Furthermore, the transaction wiped out $80,000 of annual city and county commercial tax income from these properties, i.e. in effect it is equivalent to locking in that amount as an annual cost of the project even before anything gets built.
The 3,243 dwelling units (including the existing homes) of the new neighborhoods at The Preserve almost certainly would suffer a decline in property value, and consequently diminish future tax revenues. The area is projected to accommodate about 10,000 residents in a few years.
Health and safety concerns
Even potential buyers who are noise tolerant may feel trepidation about their family’s safety should an airplane with engine trouble not quite make it to the airport.
Virtually no adequate strips of clear ground exist nearby, except perhaps for portions of TVA power line rights of way.
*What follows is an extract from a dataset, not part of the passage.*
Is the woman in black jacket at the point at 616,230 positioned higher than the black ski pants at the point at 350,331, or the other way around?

A desperate pilot might remain unaware of the wiring before it’s too late! Beyond the potential tragedy, a major power outage might ensue, like one caused by the truck that hit a TVA tower not long ago.
Home owners and prospective buyers may opt to err on the save side and move away, or respectively, look elsewhere, if they are aware of
— the Centers for Disease Control’s (CDC) caveat that no safe amount of lead has yet been found
— the FAA’s determination that after a decade of intensive research, it is still not possible to discontinue the use of leaded aviation fuel
— the Pulitzer Center sponsored investigative reporting on lead exposure near small U.S. airports and long-term effects of childhood lead exposure.